The smaller bloom in the central lagoon — from Eau Gallie south to Vero Beach/Fort Pierce — covered approximately 47,000 acres. This bloom was moderately intense.
The other bloom reached immense proportions and earned its own label, “superbloom.” The 2011 superbloom covered approximately 130,000 acres of open water, north of Eau Gallie to the Scottsmoor area.
There is no one, simple answer as to why the superbloom occurred, but it appears to have been a “perfect storm” of events. The scope of the superbloom and seagrass die-off was surprising because it followed a two-year drought. Dry times are generally good for the lagoon because it means less storm water — and fewer nutrients — entering the estuary. Most nutrients in the lagoon (75 to 80 percent) originate from rainfall runoff and stream drainage. In addition to a reduction in pollutant-laden storm water, fewer contaminants “rained” down on the waterway from the air during the drought.
Some scientists believe an internal shift or flux in nutrients might be the primary mechanism that fueled the bloom. This shift was potentially related to extreme weather conditions that may have created a “perfect storm” resulting in a superbloom. Many factors may have been at play — such as record cold temperatures and the unusual disappearance of drift algae — and many questions and possibilities are being explored.
Drift macroalgae, a mix of abundant aquatic macrophytes, crashed in mid-2010 and has yet to recover. Without drift algae acting as a nutrient “sponge,” nutrients may have become available to feed the superbloom.
The winter of 2009–2010 marked the coldest winter and the coldest December in the region since records began being kept in 1937. Extremely low water temperatures followed, dropping to 39 degrees Fahrenheit in January 2010, and remaining at 44 degrees Fahrenheit for days in December 2010. These record low water temperatures may have impacted one or more biotic communities, leading to a reduction in grazing pressure on phytoplankton (algae), or to an increase in nutrient availability for phytoplankton growth.

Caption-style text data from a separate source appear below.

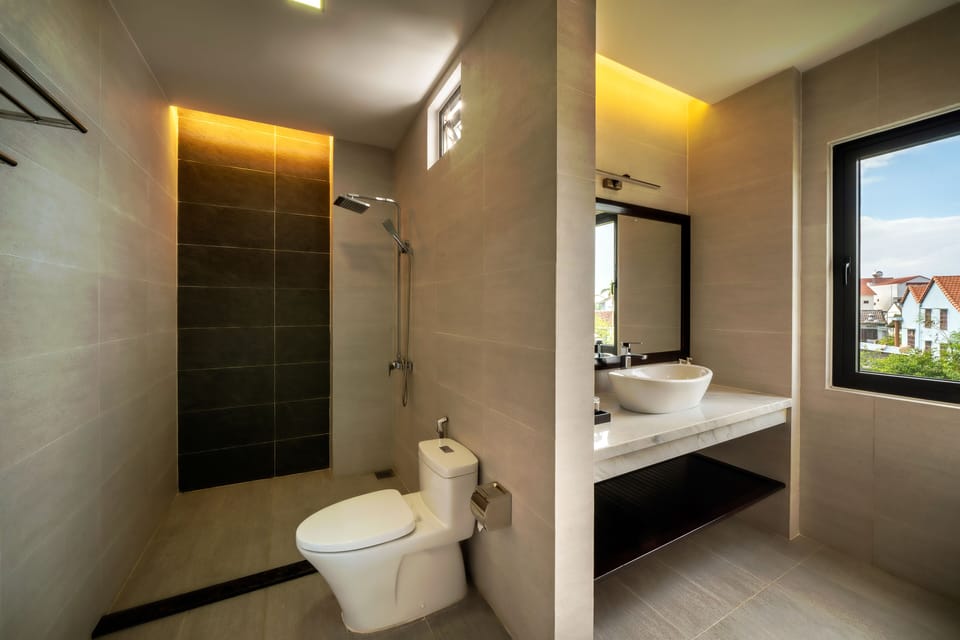 Serene Family Garden View | Bathroom | Combined shower/tub, free toiletries, hair dryer, slippers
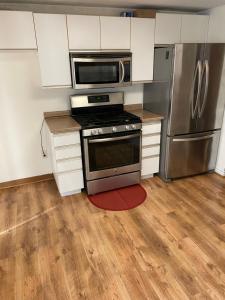 a kitchen with a stove and a microwave and a refrigerator at Windsor Airport Accommodation in Windsor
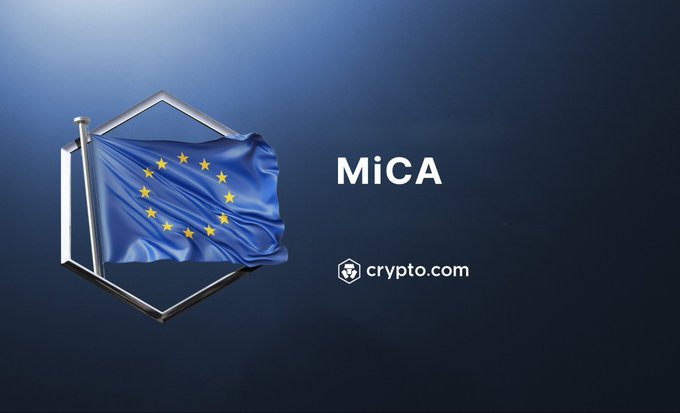 The image features a blue flag with yellow stars flying from a flagpole against a dark background. The text "MiCA" is written below the flag, indicating that the image is related to the cryptocurrency project MiCA. The caption also mentions that the deadline for MiCA has passed and that Crypto.com isn't prepared for it yet.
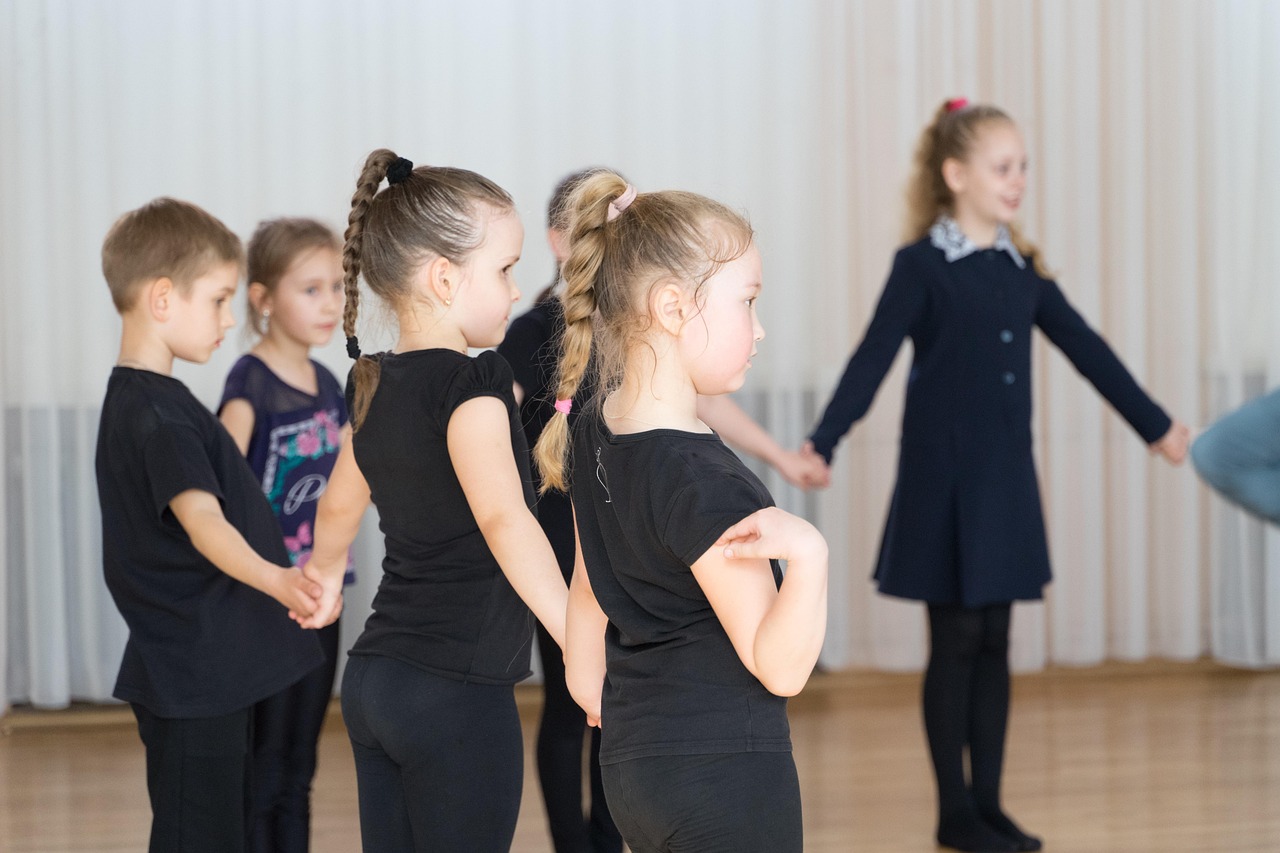 Junior Ballroom students participating in a dance class at The Phoenix Ballroom Academy in Chandler, Arizona.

An additional stress imposed by the second cold snap (December 2010) in combination with the drought-induced hypersalinity of early 2011 may have dampened the recovery of drift algae, grazers or other biota impacted the previous year. These and other topics are being investigated by the Indian River Lagoon Consortium and will be addressed as part of the Indian River Lagoon Protection Initiative.
During the first three months of the bloom (April through June 2011), water transparency declined. Algae blocked the sunlight that drives photosynthesis, which seagrasses need to support their growth and survival. Seagrass is the lifeblood of the lagoon, serving as a nursery for juvenile fish, habitat for shrimp and a food staple for manatees.
Seagrass losses were substantial. Compared to seagrass coverage in 2010, grassbeds were reduced by 60 percent, or about 47,000 acres overall.
This extensive loss of grassbeds could be a staggering blow to the regional economy that is dependent upon the estuary, particularly its fisheries. The harvest of seatrout and other seagrass-dependent fish is strongly influenced by seagrass coverage. Also, seagrass may contribute $5,000 to $10,000 per acre per year to the local economy, meaning that the 2011 seagrass loss represents a potential reduction of $235 million to $470 million for each year it remains absent.
Alarming trends in the lagoon continued in early 2013 with the deaths of manatees and pelicans. The St. Johns River Water Management District, state and federal agencies, universities, research centers and outside experts are collaborating to determine whether the manatee and pelican deaths are directly connected to the superbloom and subsequent seagrass die-off.